At the beginning of my second year of study, I joined Social Action for Health, a community-based project in East London, aiming to empower people and communities to live healthier lives. My outreach work into the South-Asian community across East London involved collecting saliva samples and increasing awareness of healthcare services. This is due to the fact that South-Asian communities in East London suffer from disproportionately increased rates of diabetes, Cardiovascular disease and heart disease. I met with community leaders, presented at AGM’s and became integrated into the community and culture. Skills such as engagement, communication, presentation and my knowledge of NHS inequality has greatly advanced due to the experiences from this project. I am fuelled by the apparent disenfranchisement of health services within the South-Asian communities, supported by the fact that East-London residing citizens live 10 years less than their West London counterparts. Social Action for Health is always looking for volunteers to assist in the life-changing work in East-London ( London is a great city for a student to study in, with plenty of networking links and opportunities.

Tell me a little about your Internship last summer

During the summer of 2019, I assisted in the sequencing, sampling and logging of genetic samples in the Blizard institute in Whitechapel.

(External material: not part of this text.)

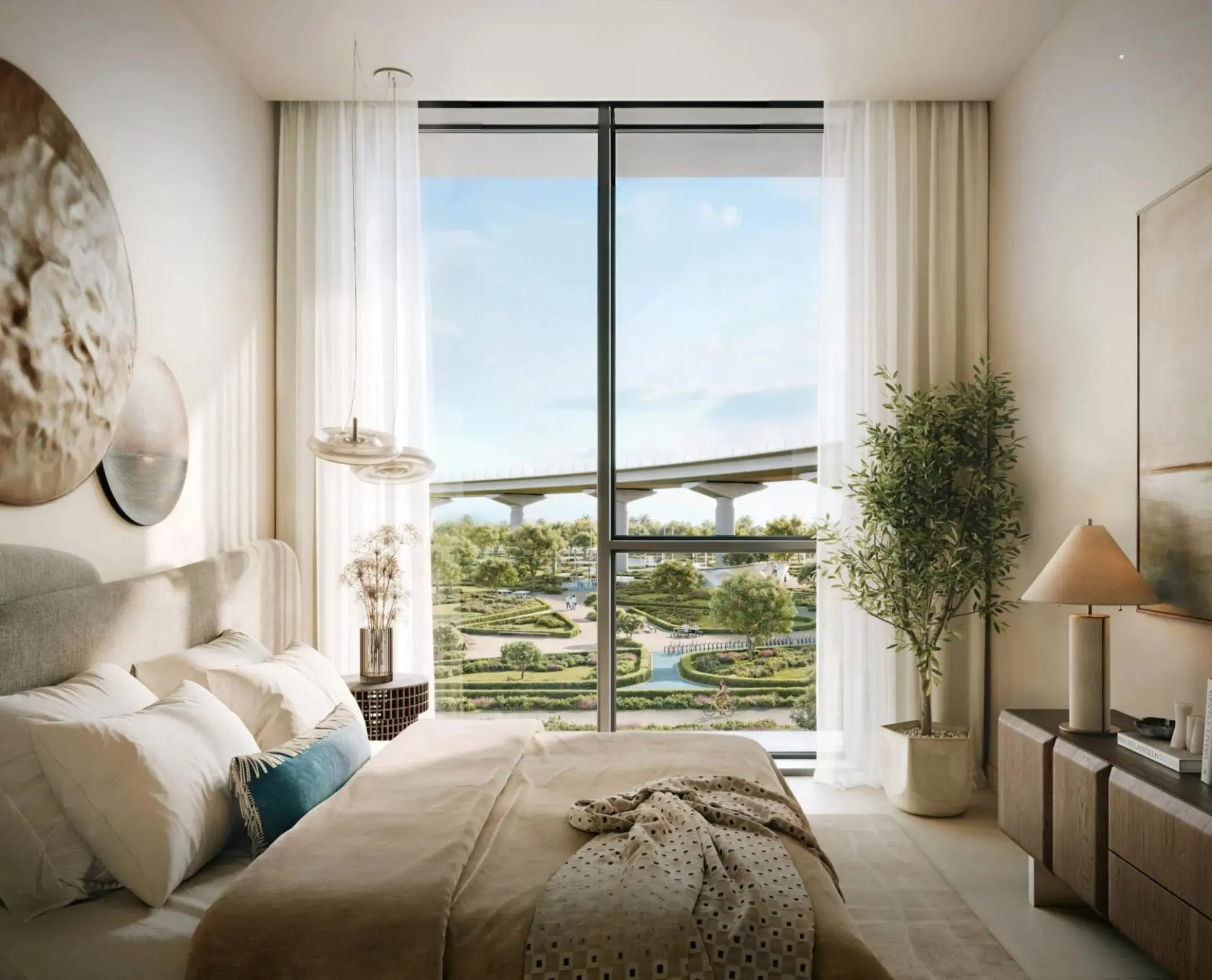 EMAAR MONTIVA – Appartement Dubai (10/11)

The project, East London Genes & Health, works in tandem with Social Action for Health and I got involved by reaching out through my Queen Mary contacts and colleagues at Social Action for Health. This placement helped me to advance valuable skills such as clinical, technological and laboratory techniques, allowing me to delve deeper into the industry of health data science, something I have an increasing passion for.

What are your plans now you have finished your course? How do you feel your course has prepared you for this?

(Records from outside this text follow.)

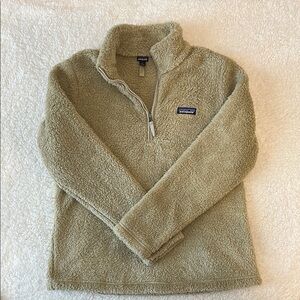 Patagonia Tan Women's Sweater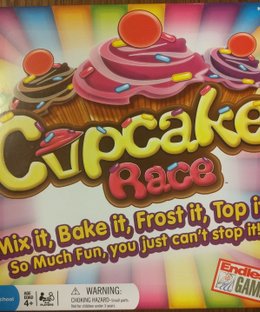 Cupcake Race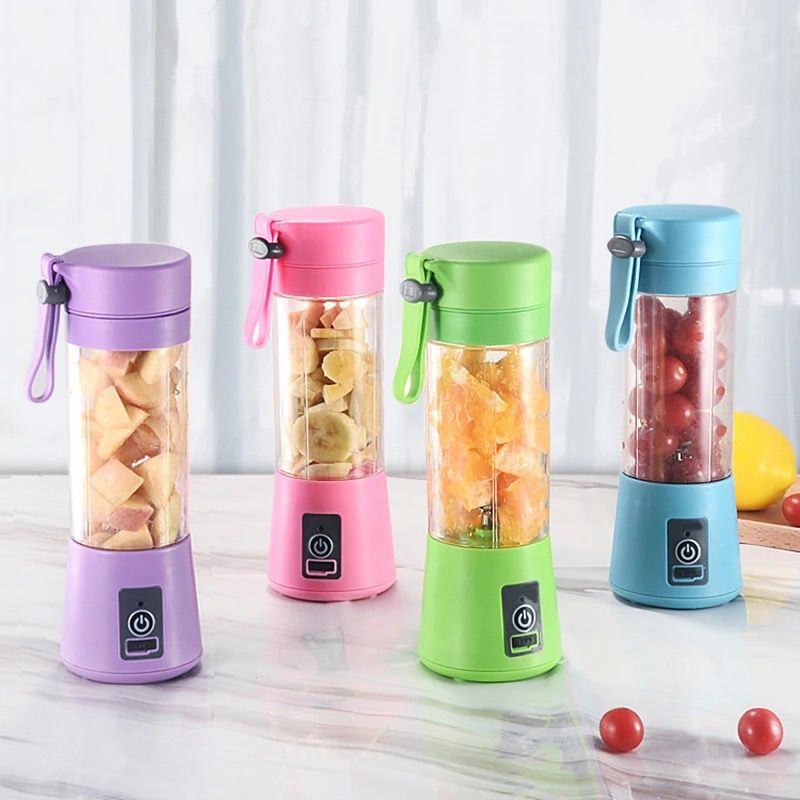 Miniatura 2 de Licuadora Personal Portable Recargable J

I have recently been accepted into the University of Leeds to study MSc Precision Medicine: Genomics and Analytics. I have also been awarded a full scholarship and stipend on behalf of HDRUK due to my academic merit throughout my undergraduate degree and I was fully supported by QMUL through this application process. The modules offered through my undergraduate degree prepared me to develop important skills that are necessary in the modern world of science such as statistics and coding (Research methods module). Especially with BSc Genetics, the teaching staff teach all different angles of this (population, clinical, theoretical) and I therefore feel satisfied with my degree content. This wider image of genetics allowed me to excel in my MSc applications and interview.

Were you a member of any societies, volunteering, or did you hold any part-time jobs?

I worked part-time as a retail supervisor in Westfield, Stratford. At times, it was difficult to balance university studies with my community work and retail position, but time management is a valuable skill that I advanced during this time

What do you think of the campus?

Campus is a great place to be all year round because there is something always going on. There is always somewhere to go to grab a bite to eat on campus and the student union has weekly events, creating a sociable atmosphere on campus. There are vast study spaces all for different needs, such as the Hive, the Library and the Nest, and there is always space for a quick catchup with friends after a lecture.

How was your accommodation at Queen Mary?

During my first year, I stayed in Beaumont Court with 5 other flatmates. The storage space was great and allowed me to make the room into my own. I also had an ensuite which provided privacy, but the shared kitchen was always great to host events or chat with flatmates. The non-expensive pricing with bills included made my first year a lot easier in the financial aspect also.

Any memories/final thoughts?

Queen Mary University of London has sincerely been the best three years of my life. Academic staff such as Andrew Leitch and Brendan Curran have changed the way I view science and also how I view life by shedding their years of knowledge with my fellow undergraduates. Overall, this university experience has been an incredible rollercoaster; I have made lifelong friendships, learnt an invaluable amount and lived the London lifestyle to the fullest.